# Understanding the transition rule for the Markov chain in the JSV algorithm for approximating the permanent

I was making my way through the paper by Jerrum, Sinclair, and Vigoda on developing a randomized polynomial time procedure (FRPAS) for approximating the permanent of a matrix $$A$$ with non-negative entries. The paper mainly argues with the case when the entries of $$A$$ are in $$\{0,1 \}$$ and aims to approximate the number of perfect matchings of the bipartite graph $$G = (V, E)$$ with adjacency matrix $$\begin{bmatrix}0&A \\ A^{T}&0 \end{bmatrix}.$$

The paper does this by introducing a Markov chain with sample space $$\Omega = \mathcal{M} \cup_{u,v \in V} \mathcal{M}(u,v)$$ where $$\mathcal{M}$$ is the set of perfect matchings and $$\mathcal{M}(u,v)$$ is the set of "near perfect" matchings, these are matchings that cover all the vertices except the vertices $$u$$ and $$v$$. The Markov chain proceeds from a state $$M$$ either to state $$M'$$ or remains at state $$M$$

The transition rule and state $$M'$$ is given on pg 678 of the work.
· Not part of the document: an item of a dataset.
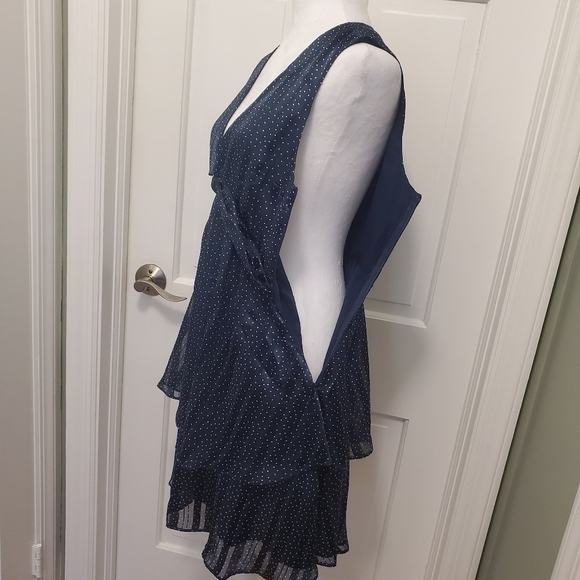 NWT BANANA REPUBLIC Chiffon Ruffels Tiered Dress Navy Polka Dots 4 Ret. $89.99 - Picture 10 of 10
I'm having trouble understanding the case where if you are at a state $$M \in \mathcal{M}(u,v)$$, in particular, the cases 2ii and 2iii.

It says that if you are at a state $$M \in \mathcal{M}(u,v)$$ then you choose $$z$$ uniformly from $$V = V_{1} \cup V_{2}$$. If $$z \notin \{u, v \}$$ then $$z \in V_{1}$$ or $$z \in V_{2}$$. For example, if $$z \in V_{1}$$ and the edge $$(z,v) \in E$$ then $$M' = M \cup (z,v) \setminus (z,y).$$

I just don't understand what $$y$$ is here?